There is a current inquiry in Europe, and a separate one in the United Kingdom, that ask whether we should abandon this largely self-regulatory “notice and takedown” system. But in the absence of evidence that some other system could be more effective while remaining compliant with human rights standards, we should hesitate to abandon a system that has worked well so far. In response to the UK inquiry, in which other groups like the National Society for the Prevention of Cruelty to Children (NSPCC) call for tough statutory regulation of social networks, the Internet Watch Foundation pushes back against such suggestions:
The current political narrative in general places a lot of blame at the doors of the large tech companies for “needing to do more” to remove illegal and harmful content online. However, there are examples of flawed legislation which will have a negative impact on the availability of information, the freedom of expression online and many other of the internet’s benefits if Britain decides to introduce greater regulation through proposing legislation by that focusses all their attention on “tech companies needing to do more.”
Technology does change and develop, and it might be that in future, we can predict what images should be removed before anyone gets to see them at all. But today, we must work with the technologies and systems that we have. We have an open Internet that has allowed these technologies and systems to develop in an organic fashion over the last 20 years. They are not perfect. But incremental, evidence-based improvements are the best way forward in improving the state of the art of child protection, rather than introducing sweeping new laws written by morals campaigners.

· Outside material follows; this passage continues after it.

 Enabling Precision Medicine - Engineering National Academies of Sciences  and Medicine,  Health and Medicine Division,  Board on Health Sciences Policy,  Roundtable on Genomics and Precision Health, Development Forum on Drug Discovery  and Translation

Censorship is not always a dirty word. It’s the word we use to describe the limits to freedom of expression. And unlawful images of minors are one of the only types of content on which there is a universal consensus in favor of its elimination from the Internet. But despite — or indeed because of — how appalling this content is, there is the risk that it will lead us to create overreaching censorship regimes that can and will be used to harm innocents.
As both a child protection organization and a civil rights organization, Prostasia aims to become a voice for balance and reason, working with diverse other stakeholders to more effectively eliminate unlawful images of minors, in way that accords with the highest values of the society that we would like our children to grow up in. Please consider supporting us in our mission.
¹ Despite being the most commonly-used term, “child pornography” has fallen out of favor because it downplays the exploitation and abuse that is usually involved in the production of such images. On the other hand, the more favored term “child sexual exploitation material” can unfairly stigmatize teens who exchange in sexting with their peers. The conflation of these images with images of child sexual abuse contributes to the imposition of draconian sentences on young people, which is itself a harm we aim to reduce. For that reason, we use the more neutral phrase “unlawful images of minors” in this article.